A distributed collaborative editing system supporting rich text documents (formatting, tables, embedded media, comments) with 10-100 concurrent editors per document and full offline support.
This system design demonstrates how to build a Google Docs-like collaborative editor using CRDTs (Conflict-free Replicated Data Types) for conflict-free merging with eventual consistency guarantees.
- Real-time collaboration: Multiple users editing simultaneously with sub-100ms latency
- Rich text support: Formatting, tables, embedded media, comments
- Full offline support: Edit while disconnected, automatic sync on reconnection
- Scalability: Supports 10-100 concurrent editors per document
- Durability: No data loss even during network partitions
| Component | Technology | Purpose |
|---|---|---|
| Conflict Resolution | CRDT (Yjs-style) | Automatic merge without central coordination |
| Real-time Transport | WebSocket | Bidirectional, low-latency communication |
| State Store | Redis Cluster | Fast CRDT state access |
| Durability | Kafka/Pulsar | Operation log for recovery |
| Offline Storage | IndexedDB | Client-side persistence |
| Presence | Redis Pub/Sub | Cursor/selection broadcast |
- CRDT over OT - Full offline support requires operations that merge automatically
- Causal Consistency - Balances correctness guarantees with performance
- Separate Presence Channel - Different durability/latency requirements from edit stream
- Snapshot-based Compaction - Bounds state size growth from CRDT tombstones
| Document | Description |
|---|---|
| Architecture Overview | High-level system architecture and components |
| CRDT Design | Data model, operation types, merge semantics |
| Sync Protocol | WebSocket protocol, state vectors, delta sync |
| Offline Support | Local-first architecture, IndexedDB, sync queue |
| Presence Service | Cursor tracking, user awareness, ephemeral state |
| Snapshot & Compaction | State size management, garbage collection |
| Testing Strategy | Property-based testing, simulation, fuzzing |
| Failure Modes | Failure scenarios and mitigations |
| Capacity Planning | Infrastructure sizing, performance estimates |
| API Contracts | REST and WebSocket API specifications |
| ADR | Decision |
|---|---|
| ADR-001 | CRDT over Operational Transformation |
| ADR-002 | Yjs-style CRDT architecture |
| ADR-003 | Causal consistency model |
| ADR-004 | Separate presence from edit stream |
| ADR-005 | Local-first offline architecture |
All architecture diagrams use Mermaid syntax and are embedded in the documentation. A consolidated diagram reference is available at diagrams/architecture-diagrams.md.

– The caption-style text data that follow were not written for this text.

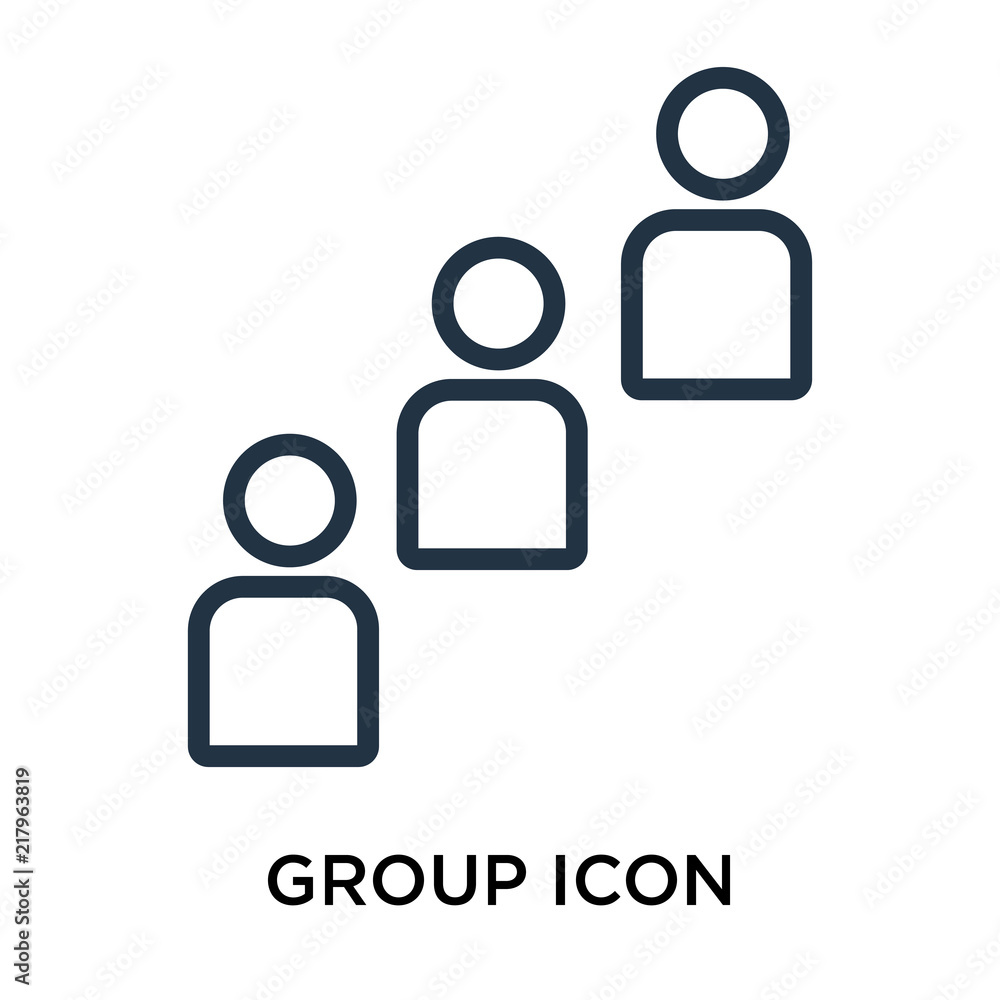 Poster group icons isolated on white background. modern and editable group icon. simple icon vector illustr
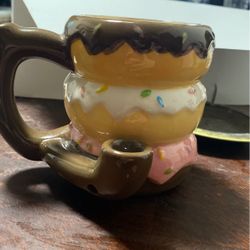 Premium Donut Coffe Cup Wake And Bake 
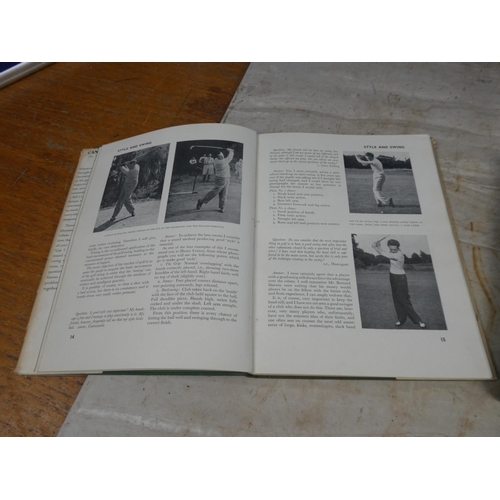 288 - A vintage book 'Can I Help You?' by W J (Bill) Cox and another golfing autobiography by Darren Clark... 
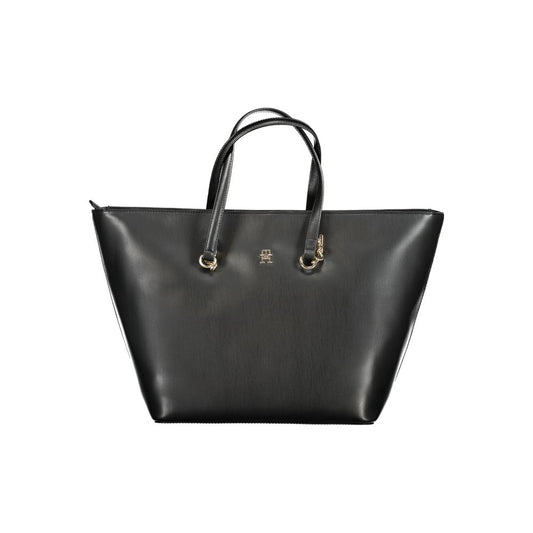 Tommy Hilfiger – Schwarze Polyethylen-Handtasche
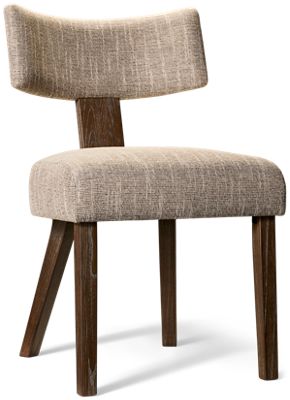 Malibu Upholstered Side Chair - Curved T Back - Square Legs - Upholstered Seat and Back
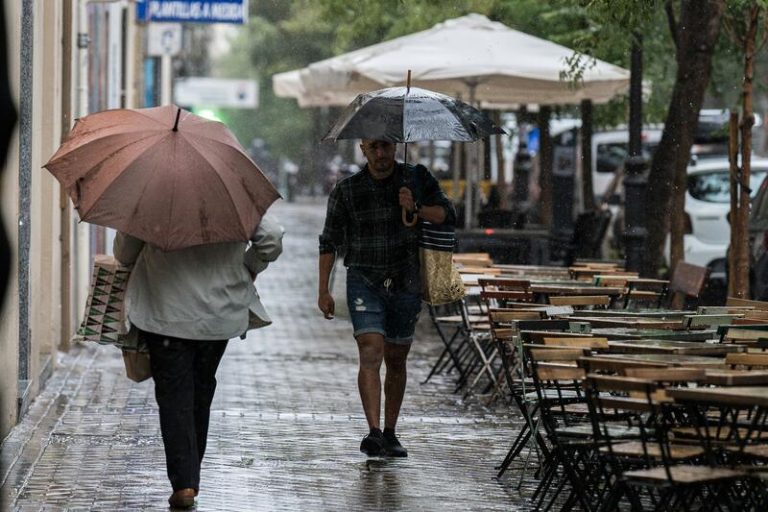 Vuelve la inestabilidad con precipitaciones en centro y oeste peninsular durante el fin de semana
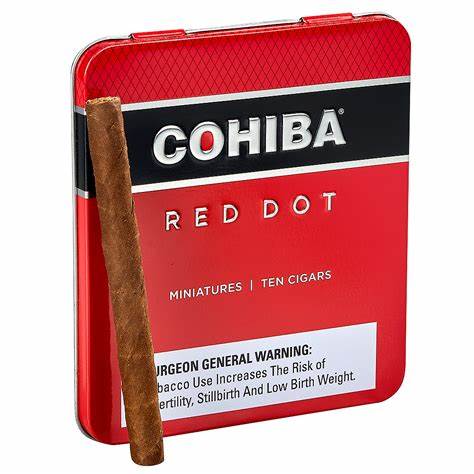 Cohiba Red Dot Cigarillos Medium Flavor Cigar Boston's Cigar Shop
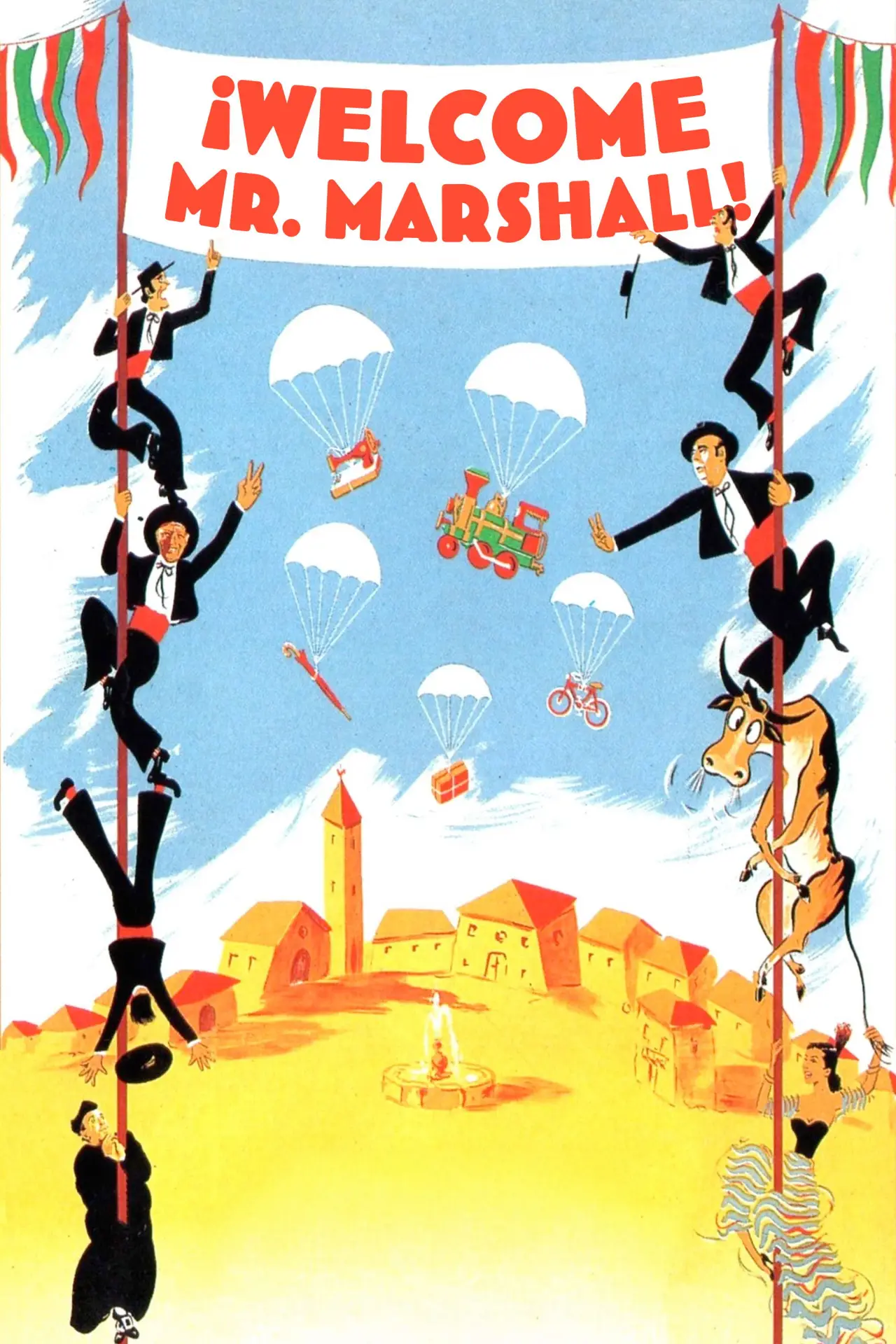 Plakat filmowy "¡Bienvenido, Mister Marshall!"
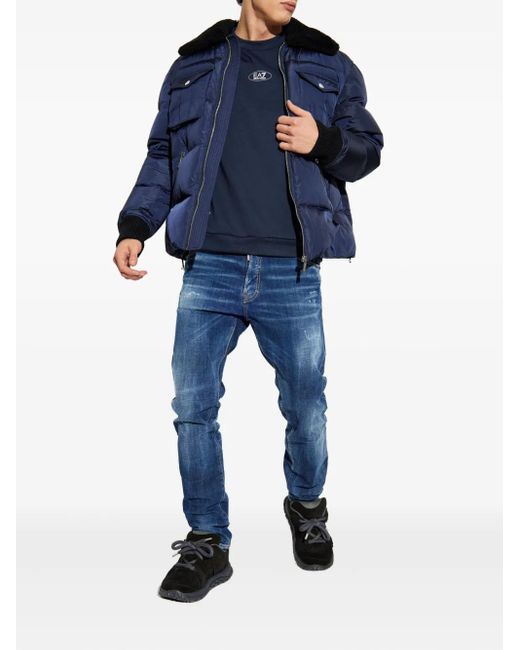 DSquared² Blue Pocket Jacket for men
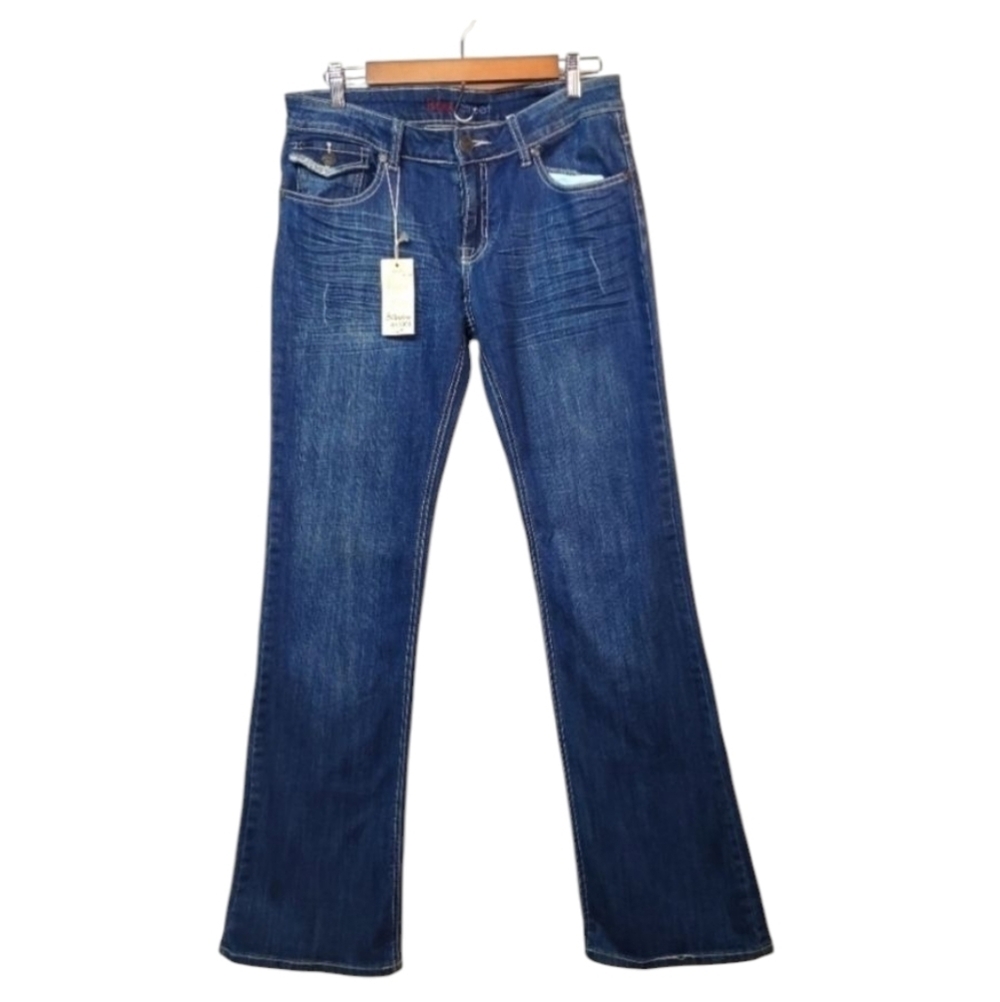 Baker Street Denim Women's  Embroidered Ryinstone Embellished Jeans Size 13 NWT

- Documents: 10,000 active
- Concurrent Editors: 50 average per document (max 100)
- Operations: ~1M ops/second system-wide
- Latency Target: <100ms for operation broadcast
| Decision | Chose | Over | Rationale |
|---|---|---|---|
| Conflict Resolution | CRDT | OT | Offline-first requirement |
| Consistency | Causal | Strong/Eventual | Balance guarantees and performance |
| Presence Channel | Separate | Combined | Different durability requirements |
| Compaction | Snapshot-based | Log compaction | Simpler recovery |
| Testing | Simulation-first | E2E-first | Reproducibility |
- Backend: Stateless microservices (any language)
- State Store: Redis Cluster
- Message Queue: Kafka or Pulsar
- Object Storage: S3-compatible for snapshots
- Client Storage: IndexedDB
- Transport: WebSocket with fallback to SSE
This system design is part of a learning repository for distributed systems patterns.